I broke today. Too damn nice out. Looking at sunshine outside my office window all day. Feeling good. Well, that adductor that Jean worked hard was a bit pissed off but I still felt good overall. Mostly.
Then I got word from the Incline Club that they were beginning workouts (Thursday, Apr 3, 5:45pm - Hydro Street
Warm up from Memorial Park in time to get to Hydro Street. Do 30 minutes of 1 min hard, 1 min easy up the Barr Trail. Easy back down the Barr Trail. Do 4 Hydro Street repeats.) which got me thinking about running. And running steep.
Had it had been cruddy weather, I would have cross trained at the local rec center but instead I rang up JV and penned up a run up
Sanitas. Sanitas is the smallest of the hills immediately to the west of Boulder but what it lacks in overall elevation gain is made up for in general grade. Hills like Green and Bear are longer and go higher, but I think they are a bit less steep than Sanitas. I always start Sanitas feeling fine, like I am going to rock it. I get a reminder somewhere about halfway up that she is not to be taken lightly. Particularly since I have not done any significant hills in a while.
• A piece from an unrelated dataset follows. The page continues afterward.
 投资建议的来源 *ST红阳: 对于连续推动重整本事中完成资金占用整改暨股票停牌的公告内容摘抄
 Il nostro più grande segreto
Jeff and I made it up in 20:15 (his post) Hardly super quick, but not screwing around either. The whole time we were yapping about the typical: IPODs, injuries, Pikes, work, houses, bikes, various buddies. We came down the east side. About 3/4 of the way down we saw a trail heading back west, up the mountain. It was a trail we had never seen before (which is really sort of insane) so we took it. It climbed nicely into a quarry that had some flagstone chairs and then the trail puttered out. At that point we were committed though and so bushwhacked our way back up the mountain side to the trail proper.
Jeff is the definition of mountain goat. The steeper the trail is, the easier he floats up the hillside. I end up bobbin' around side to side but he just cuts up the hill straight like a knife through melted butter. If mountain races were steep as things like Sanitas all the time, he'd be a legend. Hell, I think he is a legend anyway.
We finished the second loop (well, sort of a second loop) up and then came back down the west path. I thought we were taking it fairly slow on the way down but it was 14:40. Again, not super quick but not screwing around either. Or at least I wasn't. Maybe Jeff was. All told we guessed it was about five miles over an hour ... with the most vertical I have had in a month. I can't feel too bad about how it all felt given the lack of training over the last couple of weeks, and the lack of hills over the last couple of months. I look at it and think that 17s, 18s are not too far off with a little bit of work.
The abdominal area felt a bit tight through the run, but not too bad. I will see how it reacts tonight. It felt so good to be out there though ... enjoying the mountain, the run, the burn in the legs ... I have missed that.
Oh yeah, I went and picked up KZ at her jump rope class at the rec center after. I decided to jump with her a bit and ... holy crap that was hard. Doing jump rope after significant vertical will be a new thing to add to the mix.
Unrelated ... I had a co-worker ask me the other day how much training I would do for a 10K. I said, "well maybe 70 miles a week. Yeah, 50-70 miles a week." She looked at me like I was insane. "How much for a marathon?" I paused and said, "umm ... 75-100." So we proceeded to talk about training for people, ramping mileage, what was appropriate for her, for a friend of hers etc. But it got me thinking a bit.
When I was most successful with running I was (okay, yes I was younger) doing 60 miles a week at most. True, I was not training for a marathon. Additionally, I was running hard or steady a good amount of that time. I think that where I sort of subscribe to a 10-15 percent hard work now, I was probably a bit north of that back then ... and that is really probably because I was doing less mileage (smaller denominator). So, am I gaining significant advantage by doing more miles? I don't know. I think for a marathon, you do need to do more miles, simply to build the muscular endurance that you will need in a race. But I am wondering if I have wrapped myself in the pursuit of miles and time on my feet, week after week that it risks injury or general fatigue.
Finally, and I was reminded of this today while running with JV, back then I ran with people a lot more than I do now . It forced me a lot to run at a pace that I was maybe less than comfortable with. But that led to some degree of success.
Conclusions? Not sure yet. Just some thoughts floating around in there. More to come.